Et David Lynch resta toute la durée du festival... car il en est le parrain.
Je pourrais continuer ainsi et aligner les noms de tous les opérateurs présents, mais je pourrais surtout parler de ma gêne face à la question qui revenait tous les jours : « Où sont les opérateurs du plus gros producteur d’Europe∞ : la France ? Ce festival, qui est la fête des opérateurs, n’est il pas assez bien pour eux ? »

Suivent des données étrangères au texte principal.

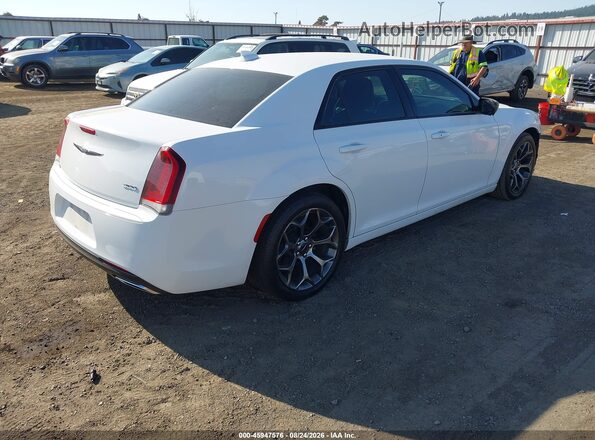 2C3CCAAG5JH168272 2018 CHRYSLER 300 White უკანა მარჯვენა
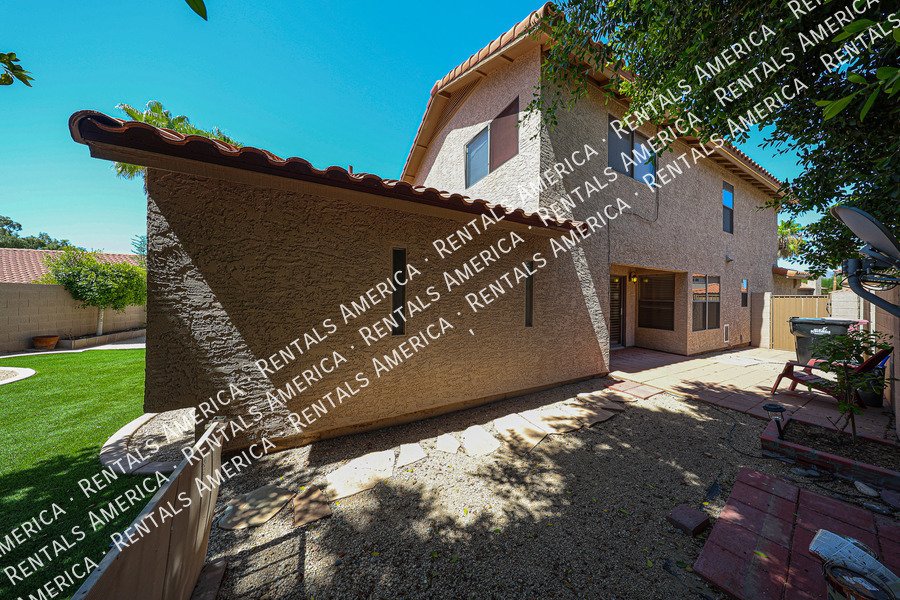 MOVE IN SPECIAL OF 2 WEEKS FREE RENT property image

Le grand intérêt de ce festival ? C’est le seul vrai festival d’opérateurs. Lodz est une petite ville entièrement dédiée à ce festival pendant une semaine. Les opérateurs sont entre eux. Il n’y a aucune urgence, il n’y a pas de conférences de presse, il n’y a pas de stars... Il n’y a rien du coté star system du festival de Cannes qui n’a absolument aucun intérêt pour un opérateur ou pour une association, sinon se donner l’illusion qu’elle joue dans la cours des producteurs et des acteurs, ce qui est un leurre, comme chacun sait.

A Camerimage, j’ai eu la chance de rencontrer cet opérateur polonais qui fait son propre étalonnage numérique sur une machine de sa conception, ainsi que ses scans... Le résultat est impressionnant.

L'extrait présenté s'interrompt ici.